There is no way to remove an individual item from a FileList as you can see more of an explanation here.

  • Add a data-name attribute to the image preview.
  • Write a submit event handler for the form preventing the default behavior.
  • Read the data-name from all the .img elements in the submit listener and compare them to the FileList while keeping only the ones with an associated data-name.
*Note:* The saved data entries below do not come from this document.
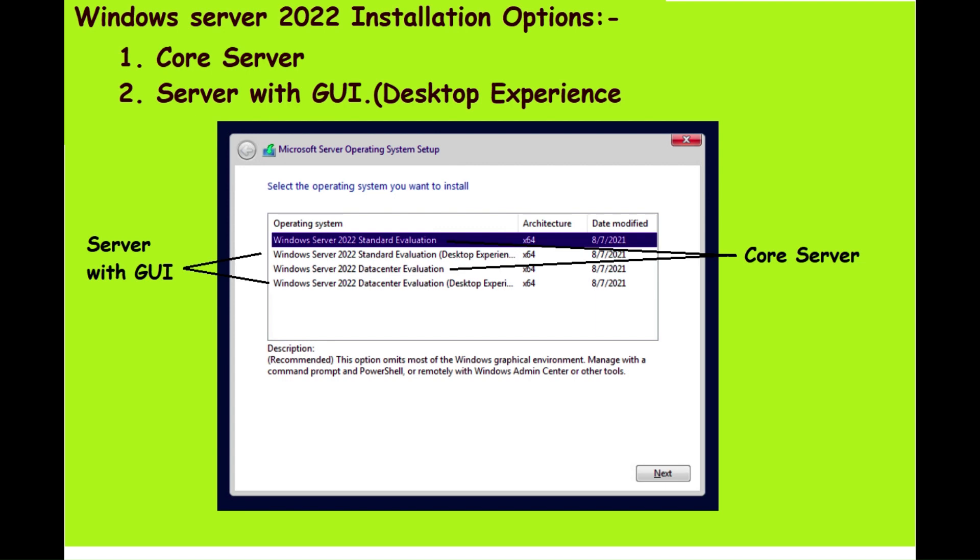Server Core is the recommended installation option because it has a smaller footprint that includes only the core components of Windows Server but supports all server roles and features without an inclusion of a local graphical user interface (GUI). Because of this, Server Core is more secure and requires less patching. Server Core is used for deployments which can be managed remotely through Windows Admin Center, PowerShell, or other server management tools.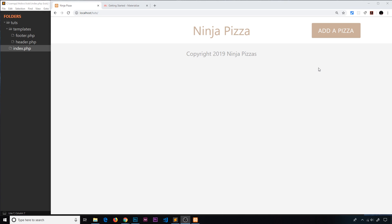We've created our header and footer templates, and in the header we have a button to add a pizza. When a user clicks that, we want to show them a web form where they can enter a pizza title, some ingredients, and their email address, then click submit. When they do that, we want to take that data and do something with it.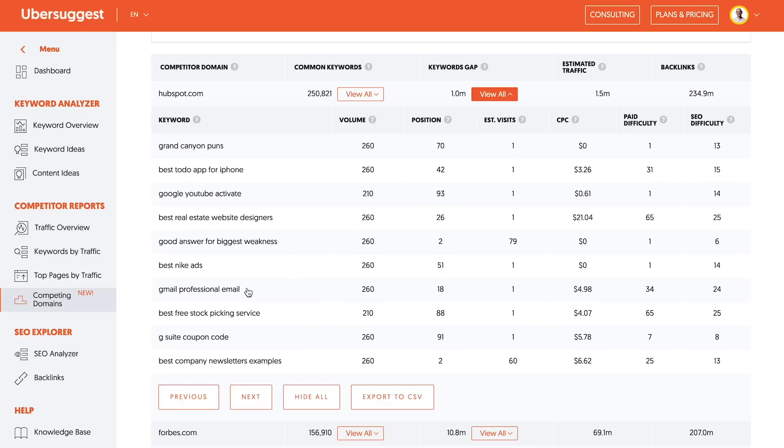So for example, Grand Canyon puns, not a good keyword for me, but best real estate website designers. That's a good one because I create a marketplace and make commission from that. Let's see, best company newsletter examples. That's a good example of a keyword that I should be ranking for as well.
let chooseFiles = document.getElementById("choose-files");
let previewWrapper = document.getElementById("preview-wrapper");
let form = document.getElementById('form');

form.addEventListener('submit', (evt) => {
  evt.preventDefault()

  const toSend = []
  const imgs = [...document.querySelectorAll('.img')].map(img => img.dataset.name);

  [...chooseFiles.files].forEach(file => {
    if (imgs.includes(file.name)) {
      toSend.push(file)
    }
  })

  console.log('sending', toSend);
})

chooseFiles.addEventListener("change", (e) => {
  [...e.target.files].forEach(showFiles);
});

function showFiles(file) {
  let previewImage = new Image();

  previewImage.dataset.name = file.name;
  previewImage.classList.add("img");
  previewImage.src = URL.createObjectURL(file);

  previewWrapper.append(previewImage); // append preview image

  // -- remove the image preview visually
  document.querySelectorAll(".img").forEach((i) => {
    i.addEventListener("click", (e) => {
      e.target.remove();
    });
  });
}
form {
  padding: 2rem;
  background: red;
  width: 50%;
}

input,
button {
  display: block;
  margin: 1rem 0;
}

.img {
  width: 200px;
  height: 200px;
  object-fit: cover;
  margin: 0 1rem;
}

img:hover {
  cursor: pointer;
}
<form enctype="multipart/form-data" method="post" id="form">
  <input id="choose-files" type="file" name="choose-files[]" multiple>
  <button name="submit" id="submit">SUBMIT</button>
  <div id="preview-wrapper"></div>
</form>

Alternatively, you can use a DataTransfer object to reset the FileList from the input each time a preview image is removed. This does a bit more work for each click to remove, but has the benefit of keeping the FileList in sync with the list of previews. It also uses the FormData in the submit handler so you can add other fields dynamically and post the data with fetch.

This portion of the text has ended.